By 2025, 85% of infrastructure strategies will integrate on-premises, colocation, cloud and edge delivery options, compared with 20% in 2020,” according to Gartner, in a September 2020 report, “Your Data Center May Not Be Dead, but It’s Morphing.”
According to the Gartner report’s authors, these changes are affecting everything from partnering and staff to enabling technologies for IT operations management (ITOM): “IT’s primary function will be to enable the business to be more agile, enter new markets more quickly, deliver services closer to the customer and position specific workloads based on business, regulatory and geopolitical impacts.” You can download the report here for the full analysis and recommendations on data center evolution and its implications for hybrid IT.
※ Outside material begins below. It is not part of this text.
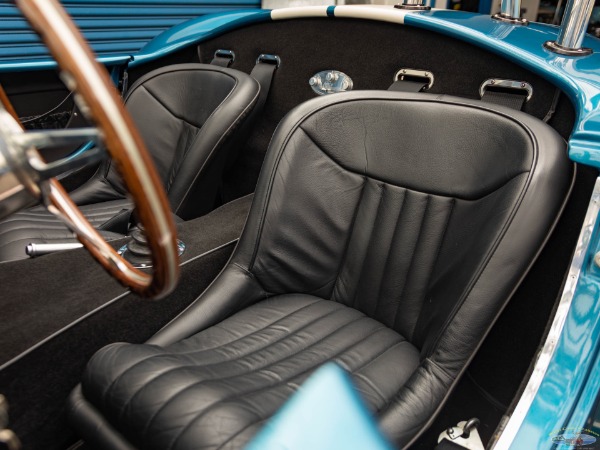 Used 1965 SHELBY COBRA REPLICA 1965 BACKDRAFT RT4 427 V8 COBRA 5 spd with 353 miles Big & Tall Edition Big & Tall Edition | Torrance, CA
Hybrid IT infrastructure provides extreme flexibility for enterprise IT organizations: IT leaders can assign workloads to the environment which offers the best cost and performance for individual business services and projects. And through containerization, IT can easily move workloads around as needed when requirements and priorities change.
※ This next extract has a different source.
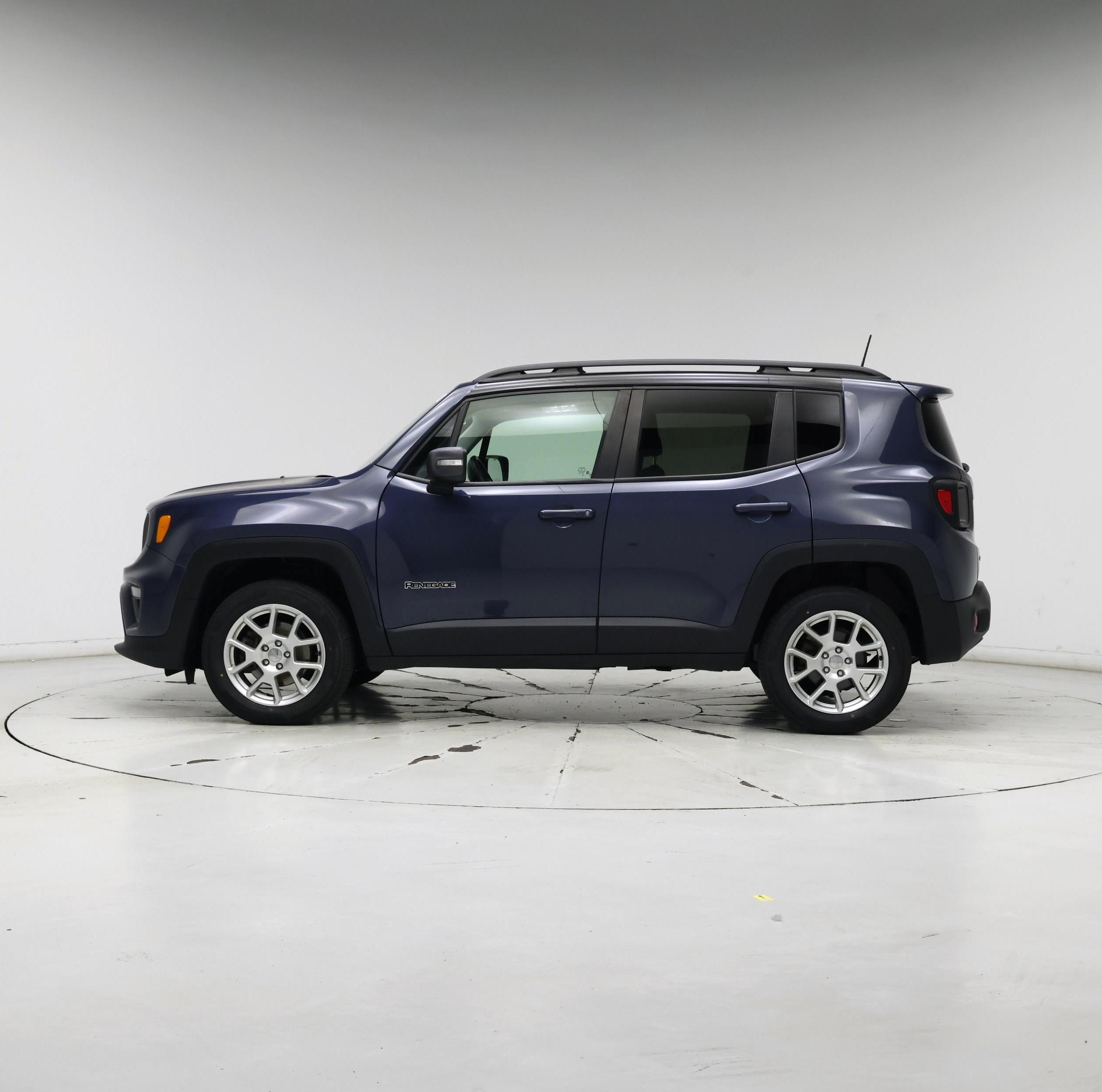 Thumbnail: 2021 Jeep Renegade - 3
On the downside, hybrid and multi-cloud environments create a certain level of chaos, as we discuss in detail in this blog. This means:
- More alerts and events in general;
- More globally-distributed events, such as clickstreams, transactions and machine-generated events from mobile and IoT devices;
- More complex events with cross-silo ramifications.
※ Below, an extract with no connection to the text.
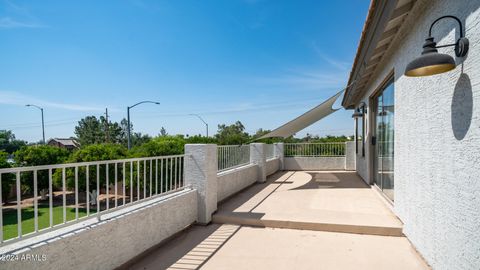 A home in Mesa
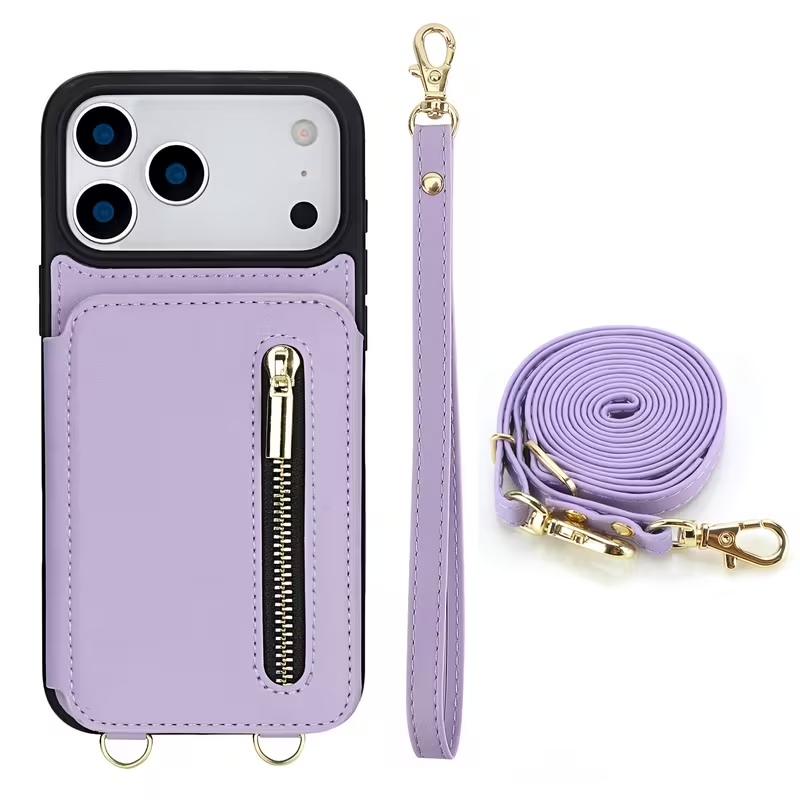 [Copy]Stylish Wallet-Style Phone Case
IT operations teams struggle with disconnected, technology-specific information that makes it incredibly hard to identify and resolve service issues. Manually correlating data across domains is extremely time-consuming and can lead to lost revenue if a major service goes down.
3 Steps for Hybrid IT Management
- Have a workload-centric perspective on developing the optimal hybrid and cloud strategy for your organization. By understanding organizational, customer and marketplace requirements, IT operations can lead a modernization strategy that will flex with the enterprise. Establishing a Center of Excellence comprised of representatives from across the business and IT/engineering can be a way to gain buy-in on strategy and technology decisions and ensure that key stakeholders’ objectives are part of the plan.
- Reorganize teams and develop a skills transition plan. IT operations staff previously focused on technology silos such as network, storage, and compute, are in the process of gaining cloud and DevOps skills as cloud native infrastructure and convergence across technologies makes domain specific roles less relevant. Automation and data science experts are becoming killer hires as IT operations today requires AIOps and process automation to be more efficient and identify issues faster. Beyond developing or hiring new roles, such as the site reliability engineer (SRE), IT leaders may need to facilitate tighter collaboration between IT operations, DevOps, security teams and more. See this blog for an expert view on that evolution.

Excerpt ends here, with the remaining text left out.